Exercise
An exact copy of every entry is required, without the pictures.

(Dataset excerpts)
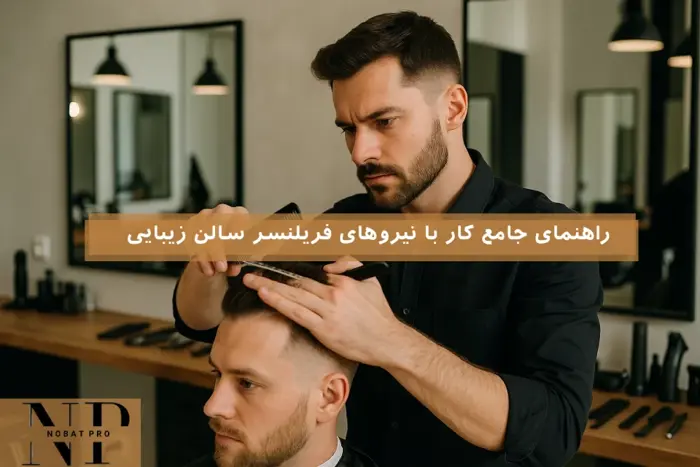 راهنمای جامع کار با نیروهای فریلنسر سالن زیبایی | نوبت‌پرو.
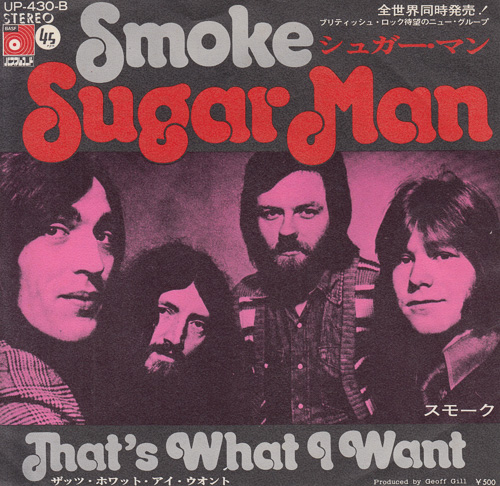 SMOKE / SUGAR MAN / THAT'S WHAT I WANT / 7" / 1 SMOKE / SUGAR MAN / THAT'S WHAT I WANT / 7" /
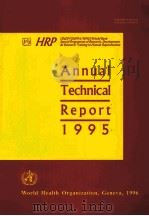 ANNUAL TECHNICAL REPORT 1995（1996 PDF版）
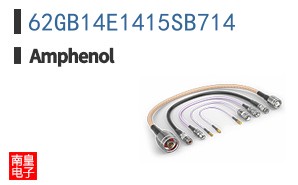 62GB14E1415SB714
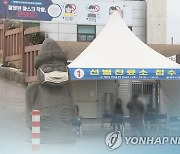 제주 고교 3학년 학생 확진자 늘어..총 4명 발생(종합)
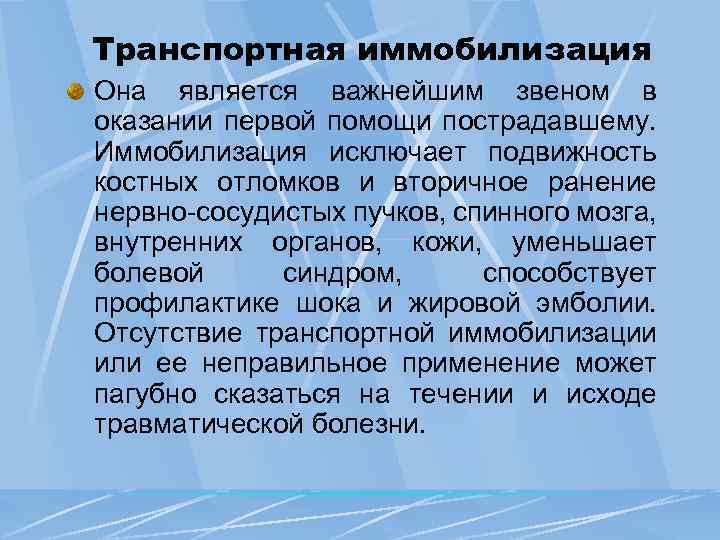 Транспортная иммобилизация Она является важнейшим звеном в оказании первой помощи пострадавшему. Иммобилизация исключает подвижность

Problem solution
 راهنمای جامع کار با نیروهای فریلنسر سالن زیبایی | نوبت‌پرو.
 SMOKE / SUGAR MAN / THAT'S WHAT I WANT / 7" / 1 SMOKE / SUGAR MAN / THAT'S WHAT I WANT / 7" /
 ANNUAL TECHNICAL REPORT 1995（1996 PDF版）
 62GB14E1415SB714
 제주 고교 3학년 학생 확진자 늘어..총 4명 발생(종합)
 Транспортная иммобилизация Она является важнейшим звеном в оказании первой помощи пострадавшему. Иммобилизация исключает подвижность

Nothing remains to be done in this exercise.